Coisas do Brasil
ADRIANO PIRES e ABEL HOLTZ
O Estado de S. Paulo - 18/05/2011
Tem sido lugar-comum na recente história congressual brasileira que um projeto de lei, no curso de sua análise e efetivação como lei, sofra a inclusão de artigos (enxertos) que não necessariamente estão ligados ao tema que demandou na origem a sua edição. Esse fato gerou, na legislação afeta ao setor elétrico, um emaranhado de regras esparsamente localizadas e muitas vezes sem nenhuma inter-relação entre elas, de sorte que é necessário aos interessados consultar diferentes leis, decretos, regulamentos e resoluções para se assegurarem das assertivas a defender.
Um dos juristas que conhece bem a matéria costuma dizer que a legislação do setor elétrico brasileiro não é nem uma colcha de retalhos, porque neste caso eles costumam estar costurados uns aos outros. Na legislação do setor, diferentes leis, decretos, regulamentos e resoluções podem ser considerados retalhos soltos e dispersos. E, por paradoxal que seja, existe uma lei, criada há mais de dez anos, que define quais regramentos as leis devem atender para serem proclamadas. Nesses casuísmos do setor elétrico e na pressa de configurar "uma solução", vieram a considerar a energia a ser comercializada pela usina nuclear como energia de reserva.
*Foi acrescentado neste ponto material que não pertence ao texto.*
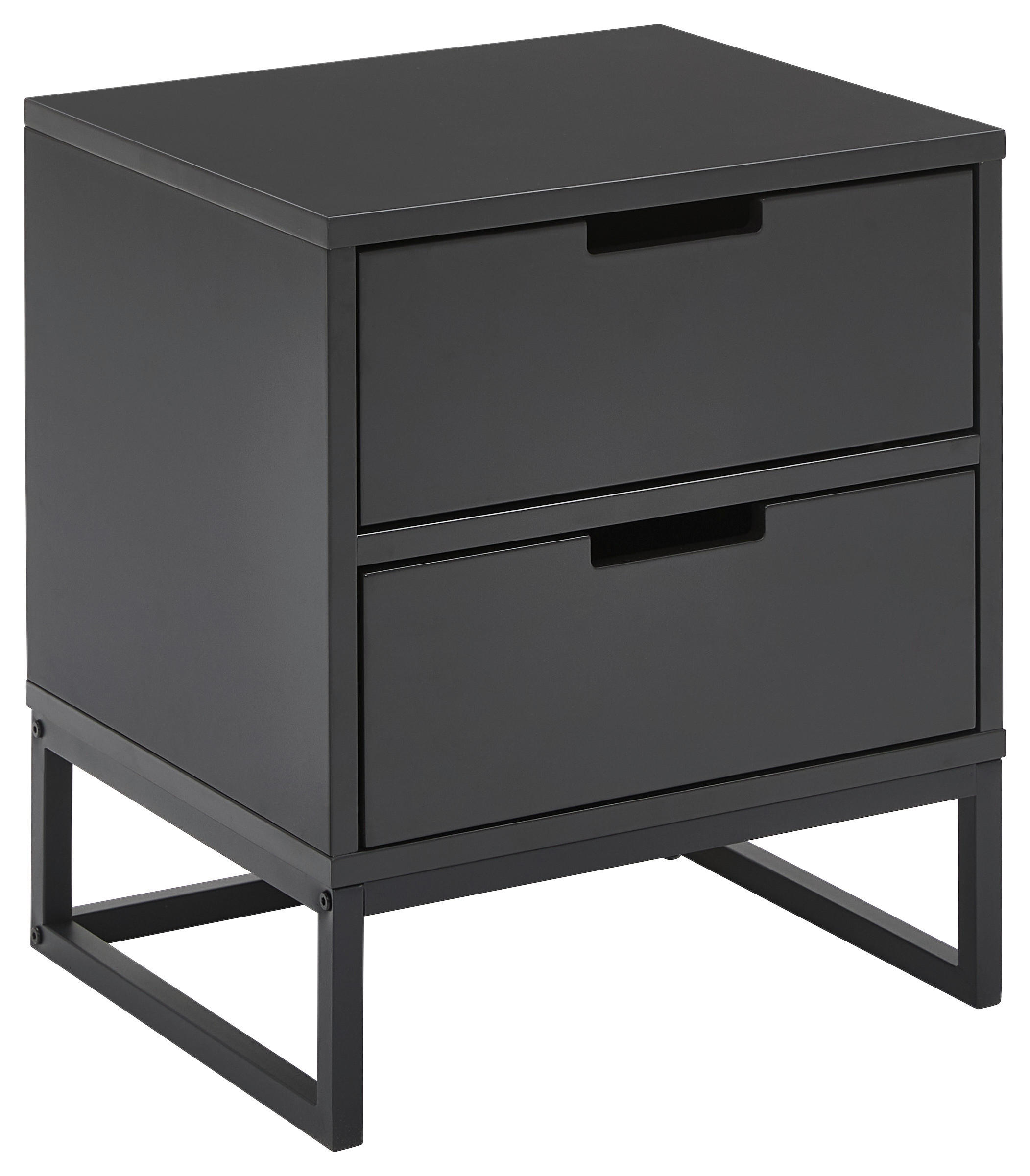 NACHTSCHRANK 47,6/53,1/40 cm  - Anthrazit/Schwarz, Design, Holzwerkstoff/Metall (47,6/53,1/40cm) - Novel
Ora, o conceito de energia de reserva e sua estruturação comercial na Câmara de Comercialização de Energia Elétrica (CCEE) são advindos do fato de as energias eólica e de biomassa terem características muito próprias de sazonalidade ou intermitência (falta de ventos). No caso da energia nuclear, essa fonte funciona, na base, sem interrupções - salvo as programadas - e, portanto, não há nem sazonalidade nem calmarias.
O fato de a comercialização da energia considerada como de reserva ser feita na CCEE a obriga, e a seus associados, a suportar os riscos financeiros advindos desta operação de compra e venda. No caso das atuais nucleares, "a coisa está passando aparentemente sem maiores problemas". Mas os riscos são enormes para seus associados.
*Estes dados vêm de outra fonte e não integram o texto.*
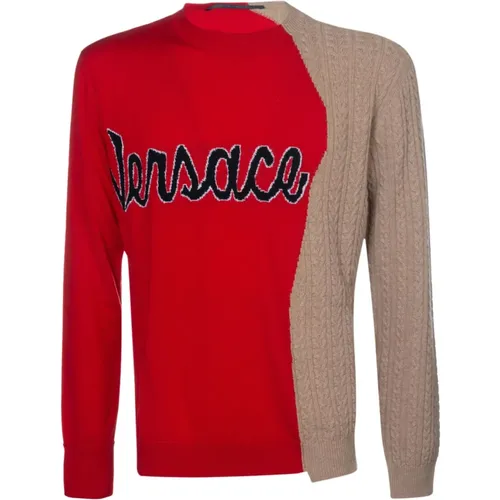 Red Camel Pullover Sweater , male, Sizes: S - Versace - Modalova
Cabe lembrar que, se a tendência for as empresas privadas assumirem o papel de concessionárias de usinas nucleares a ser construídas - e mesmo as novas nucleares em análise de implantação -, que elevarão o montante de energia a ser produzida por essa fonte, seria lógico que fossem implantados desde já leilões específicos e que fosse abandonada a ideia de mais um casuísmo representado pela consideração da energia produzida como de reserva. Na defesa disso poderíamos também considerar que as empresas privadas que irão explorar a concessão de nucleares não poderão ter como garantidora da operação uma CCEE, que é uma câmara de comercialização, e sim o conjunto das distribuidoras que nos leilões se constituem nos compradores da energia, oferecendo assim uma garantia de fluxo de pagamentos que o histórico dos registros da CCEE, até pouco tempo, indicava uma adimplência desses contratos de compra e venda superior a 95%, o que se constitui numa garantia superior àquela que a energia de reserva poderia oferecer, na forma que hoje está estruturada.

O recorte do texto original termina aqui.